The Implications of Feminine Imagery in the Bible

  • by: Esther Shkop

This article is based on an address given at the 1988 convention of the Rabbinical Council of America. The author acknowledges the work of Harav Yissachar Jacobson, particularly his chapter, “Halshah Be-Melitzat haNeviim,” Hazon Ha-Mikra, Vol. 2, pp. 110-121 (Tel Aviv: Sinai, 1957), for its illumination of the use of feminine imagery in the Bible, and for its inspiration to further explore the territory.  This article appeared in Tradition 27:1 (1992).
Much has been made of male dominance in Judaism which, it is argued, is rooted in the Biblical and liturgical conceptions of Divinity in masculine images. Though ascribing form to God is strictly and repeatedly forbidden in the Torah, human speech is perforce figurative and consequently dibra Torah bilshon bene adam; in so doing it alludes expansively to the world of men, their aspirations, feelings and tangible experiences.
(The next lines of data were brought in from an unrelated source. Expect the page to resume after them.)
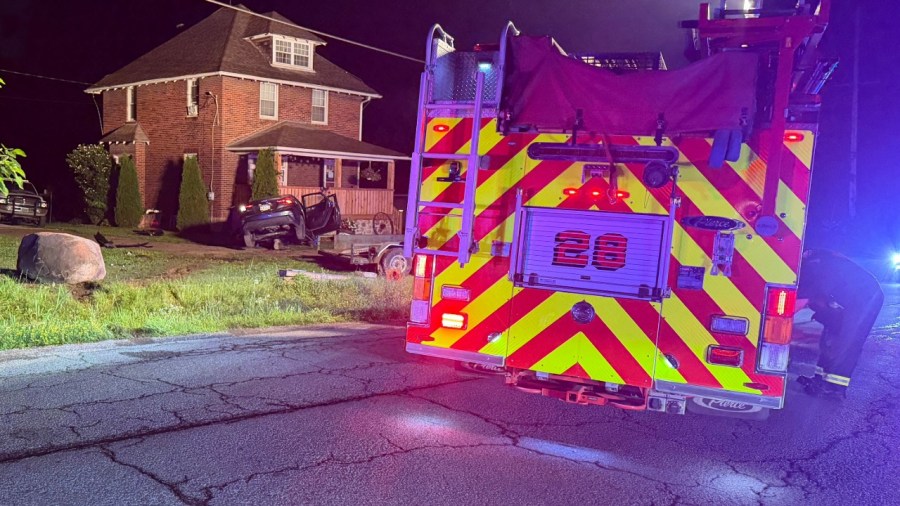 car-crashes-into-house-in-masury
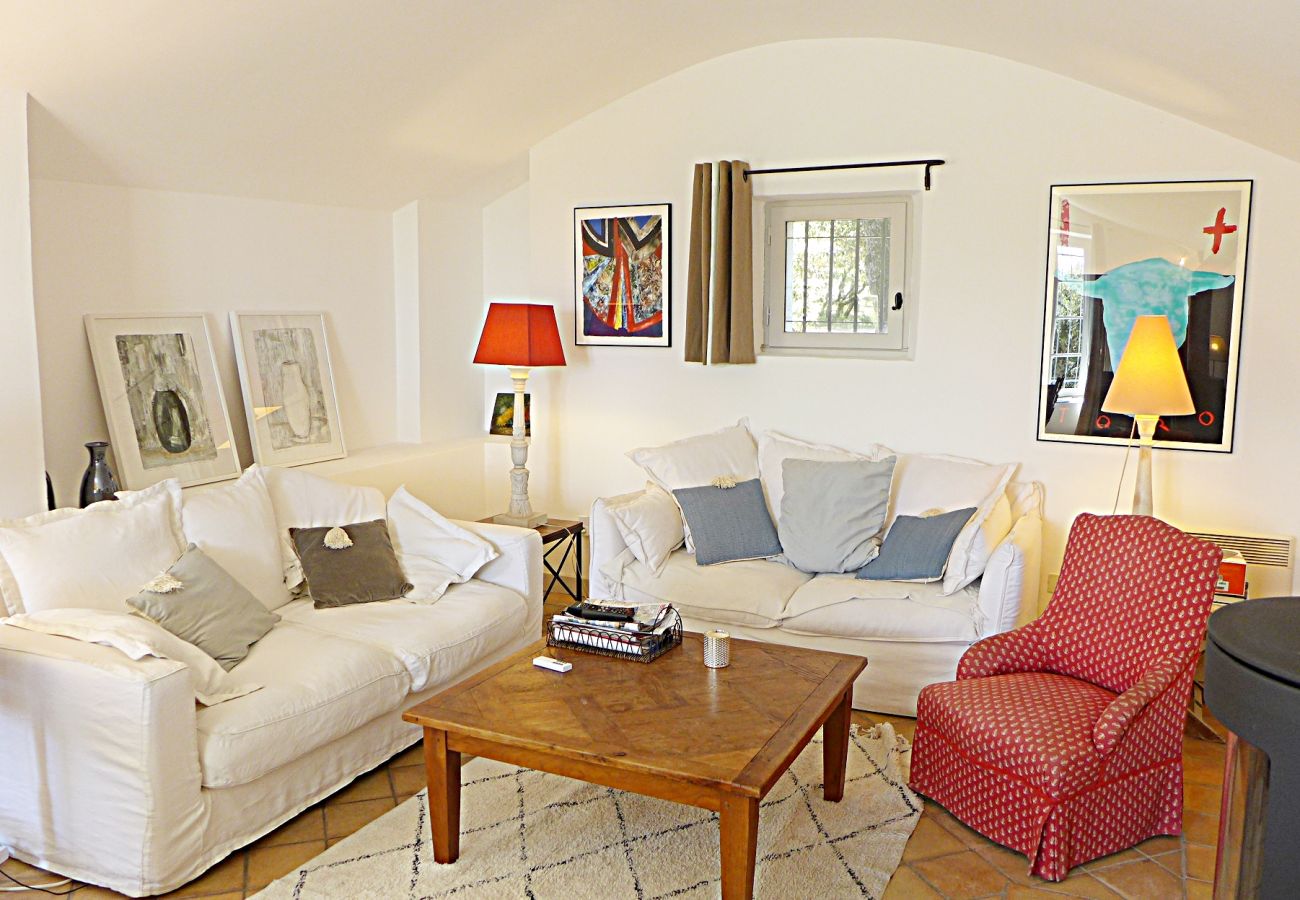 Ferienhaus in Saint-Restitut - Mas in der Drôme, Pool, Blick auf den Mont Ventoux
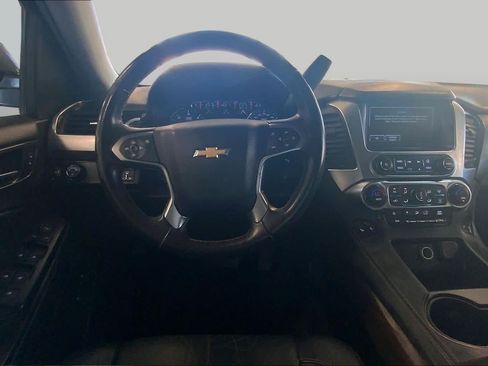 Used 2017 Chevrolet Suburban LT RWD image 5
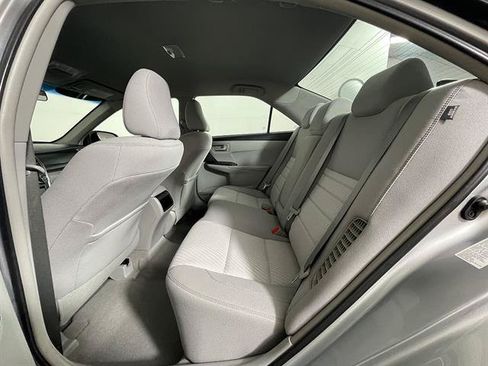 Used 2015 Toyota Camry LE FWD image 10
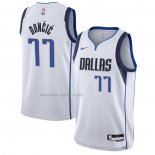 Camiseta Nino Dallas Mavericks Luka Doncic NO 77 Association 2021 Blanco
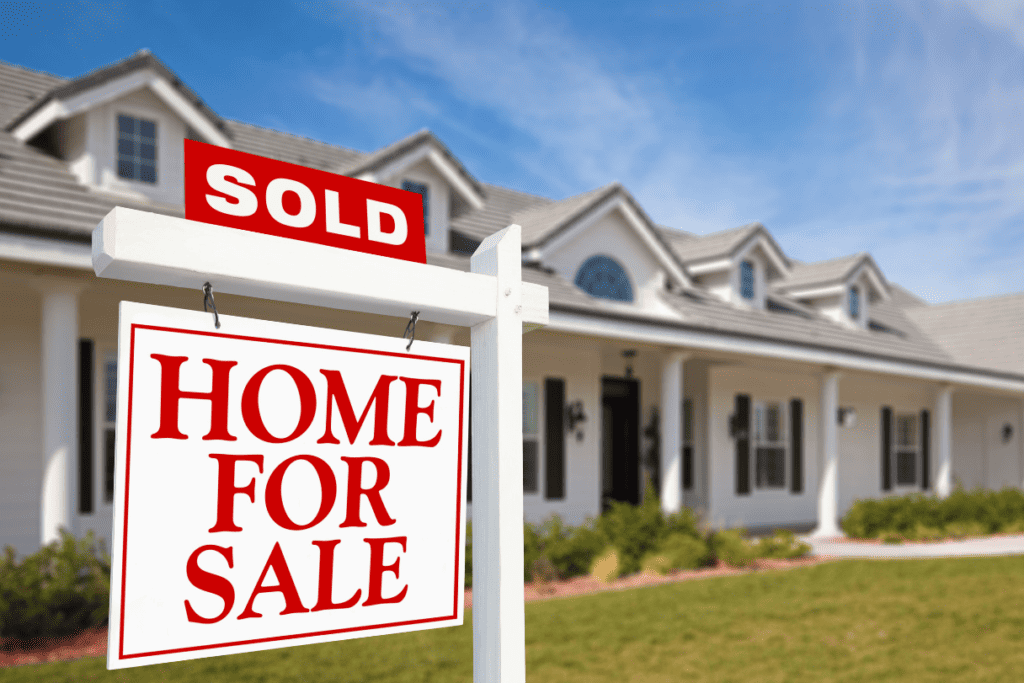Top financial factors to consider when selling your home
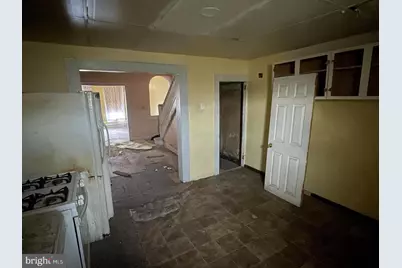 2033 Robb Street, Baltimore, MD 21218 - Photo 6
Recognizing that the language employed in speaking of God tells us more about the workings of our minds than of His inconceivable, indescribable Being, the study of that language is important because it tells us how God manifests Himself to human beings, and how they experience the Presence and the aura of kedusha. If, indeed, the revelation of God as described in the Tanakh is such that it fosters a closer affinity with the world of men than those of women, then we might understand why some women have felt alienated or at least removed from the source of kedusha. This alienation has often manifested itself in a resentment of things traditional, and in some cases, a rejection of the intellectual, religious, and affective structures of classical Judaism because of the perception that these were insensitive to women. While it does not lie within the scope of this paper to deal with these fundamental issues, it is worthwhile to focus or one aspect of feminist complaints: that the Hebraic mind conceived God in exclusively masculine images. This, we submit, is unfounded. This paper will attempt to demonstrate that, in fact, the Tanakh is replete with feminine imagery used not only in the depletion of Zion, the Nation, the Land, the Torah, and Wisdom, but also in the depiction of the Creator.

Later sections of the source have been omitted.